The map shows the land originally settled by Welshmen George Townshend (1798-1872) and Charles Boydell (1808-1869), who took up land grants Trevallyn and Camyr Allyn, near Gresford in County Durham. Alexander Park (1808-1873) owned a large neighbouring grant on the left bank of the Allyn River. In 1840, Charles Boydell transferred land at Allynbrook to his younger brother, William Barker Boydell (1818-1878), which he named Caergwrle. By 1843, much of the land was settled, taken up by homesteads and farms and grazing land.
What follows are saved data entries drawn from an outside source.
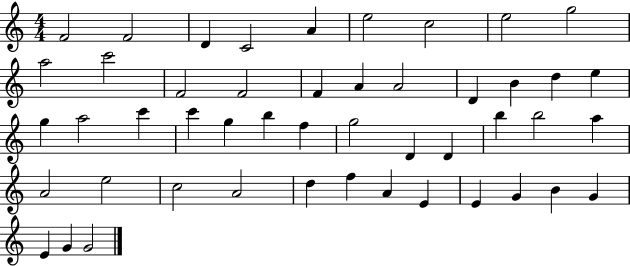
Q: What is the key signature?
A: C major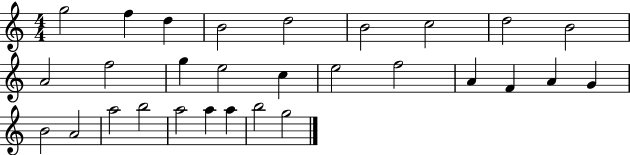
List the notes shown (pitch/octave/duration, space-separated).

G5/h F5/q D5/q B4/h D5/h B4/h C5/h D5/h B4/h A4/h F5/h G5/q E5/h C5/q E5/h F5/h A4/q F4/q A4/q G4/q B4/h A4/h A5/h B5/h A5/h A5/q A5/q B5/h G5/h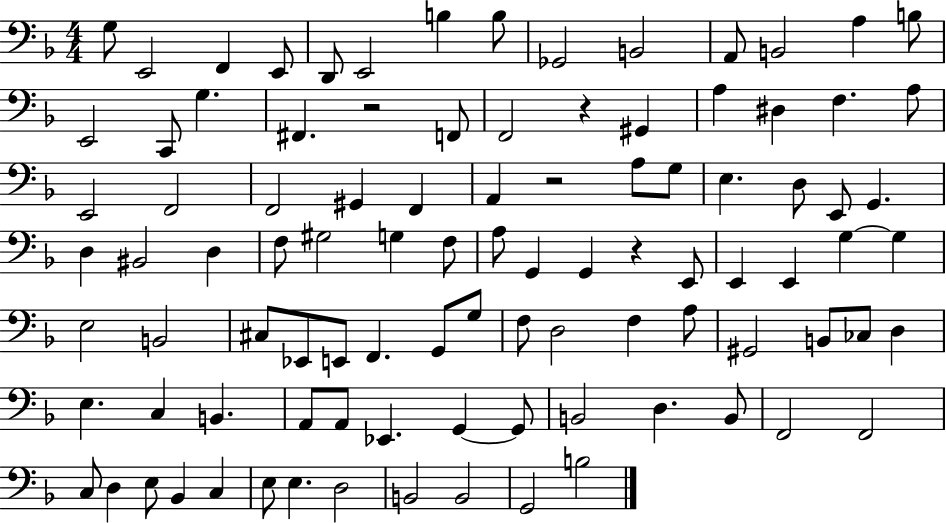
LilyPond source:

{
  \clef bass
  \numericTimeSignature
  \time 4/4
  \key f \major
  \repeat volta 2 { g8 e,2 f,4 e,8 | d,8 e,2 b4 b8 | ges,2 b,2 | a,8 b,2 a4 b8 | \break e,2 c,8 g4. | fis,4. r2 f,8 | f,2 r4 gis,4 | a4 dis4 f4. a8 | \break e,2 f,2 | f,2 gis,4 f,4 | a,4 r2 a8 g8 | e4. d8 e,8 g,4. | \break d4 bis,2 d4 | f8 gis2 g4 f8 | a8 g,4 g,4 r4 e,8 | e,4 e,4 g4~~ g4 | \break e2 b,2 | cis8 ees,8 e,8 f,4. g,8 g8 | f8 d2 f4 a8 | gis,2 b,8 ces8 d4 | \break e4. c4 b,4. | a,8 a,8 ees,4. g,4~~ g,8 | b,2 d4. b,8 | f,2 f,2 | \break c8 d4 e8 bes,4 c4 | e8 e4. d2 | b,2 b,2 | g,2 b2 | \break } \bar "|."
}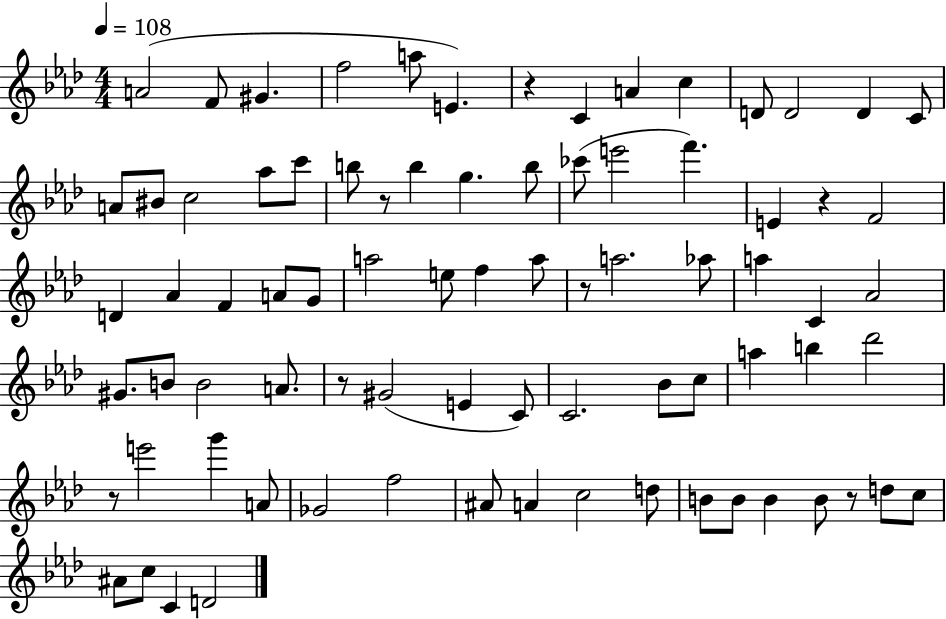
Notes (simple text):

A4/h F4/e G#4/q. F5/h A5/e E4/q. R/q C4/q A4/q C5/q D4/e D4/h D4/q C4/e A4/e BIS4/e C5/h Ab5/e C6/e B5/e R/e B5/q G5/q. B5/e CES6/e E6/h F6/q. E4/q R/q F4/h D4/q Ab4/q F4/q A4/e G4/e A5/h E5/e F5/q A5/e R/e A5/h. Ab5/e A5/q C4/q Ab4/h G#4/e. B4/e B4/h A4/e. R/e G#4/h E4/q C4/e C4/h. Bb4/e C5/e A5/q B5/q Db6/h R/e E6/h G6/q A4/e Gb4/h F5/h A#4/e A4/q C5/h D5/e B4/e B4/e B4/q B4/e R/e D5/e C5/e A#4/e C5/e C4/q D4/h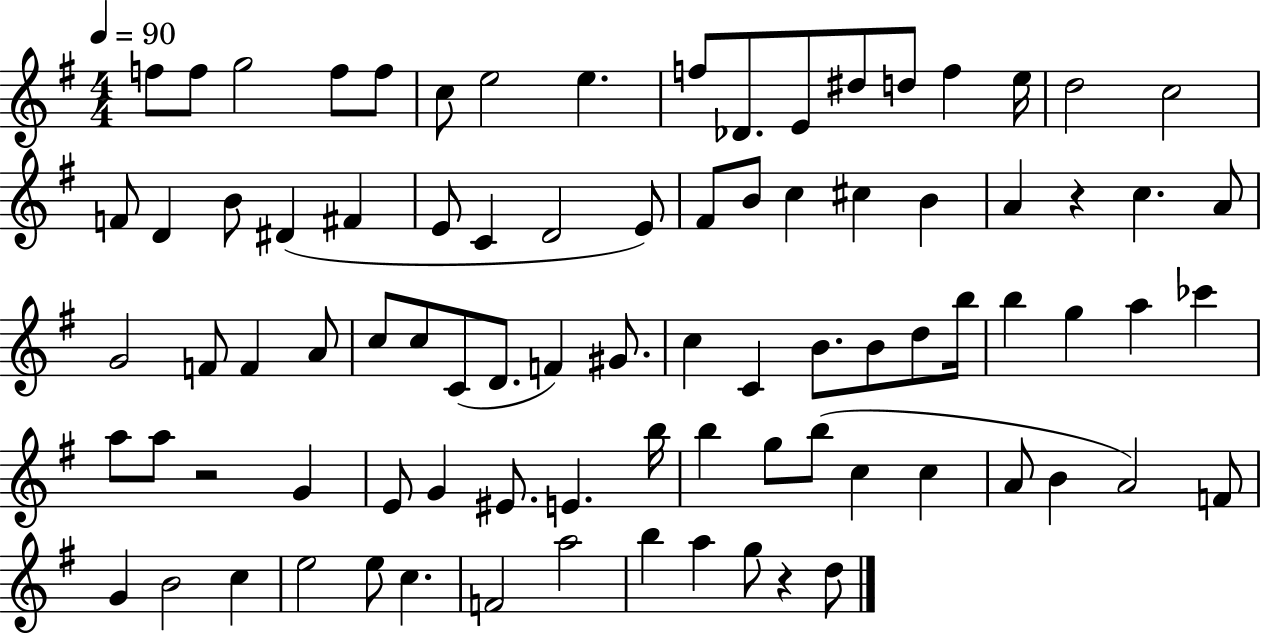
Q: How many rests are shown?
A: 3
The areas around Gresford, Allynbrook, Paterson and the Hunter River district in New South Wales, have long been famous for their rich farming and grazing land. In the 19th century, large estates were owned and worked by early settlers such as George Townsend (Trevallyn), Charles Boydell (Camyr Allyn), William Barker Boydell (Caergwrle), John Phillips Webber (Guygallen), Alexander Park (Lewinsbrook) and John Cory (Vacy Estate).
However, by the early 20th century, many of these large estates and farms in the area were subdivided into smaller allotments and sold at public auction. With many of the properties bounded by the Paterson or Allyn Rivers and their tributaries, buyers could purchase rich agricultural land, perfect for small dairy farms, crop growing, orchards and grape vines.
"Many of the lots, containing areas of rich alluvial flats, will make splendid dairies, while every block is sweet and quick fattening, with an abundance of herbage and fattening grasses."
(Bingleburra estate, Gresford, land sale poster, 1938)
Land sales and auctions were advertised using colourful posters and subdivsion plans which showed the various allotments being offered for sale. Many featured local sketches and descriptions of the surrounding area to attract the attention and interest of local buyers.
The Library has a wonderful collection of over 40,000 subdivision plans, including hundreds relating to the Hunter River district and surrounding region. Dating from as early as the 1800s to the 1950s, these plans reveal the history of urban development in the area. Visually stiking, they range in format from hand-drawn surveyors’ plans to decorative colour-lithographed posters. They now provide a valuable resource for genealogists, local historians and art lovers alike.
> View another Durham County map in the Atlas of the settled counties of New South Wales, 1872, via tha Library's catalogue
> Find Durham County subdivision plans, 1800-1900, via the Library's catalogue
> Find more maps relating to Durham County, via the Library's catalogue
“The Paterson, a famous summer holiday resort” (land sale poster, 1907)
During the mid 20th century, the Hunter Valley region became a popular tourist attraction, particularly in summer. Always known for its rich farming and grazing land, it began to attract vistors to its scenic landscape, rivers and abundance of outdoor activities. Holiday recreations included fishing, swimming, golf, cycling and of course wine-tasting. Access was made easier with a regular rail service and scenic motor routes.
"In the Northern Lakes and Hunter Valley districts tourists find a diversity of scenery and holiday occupations…The Hunter Valley…is one of the richest alluvial tracts in the world…In summer the area is a delightful holiday ground" (Tourist pamphlet, 1938)
This colourful tourist guide from the 1930s features a pictorial map of holiday activities and description of the local area attractions.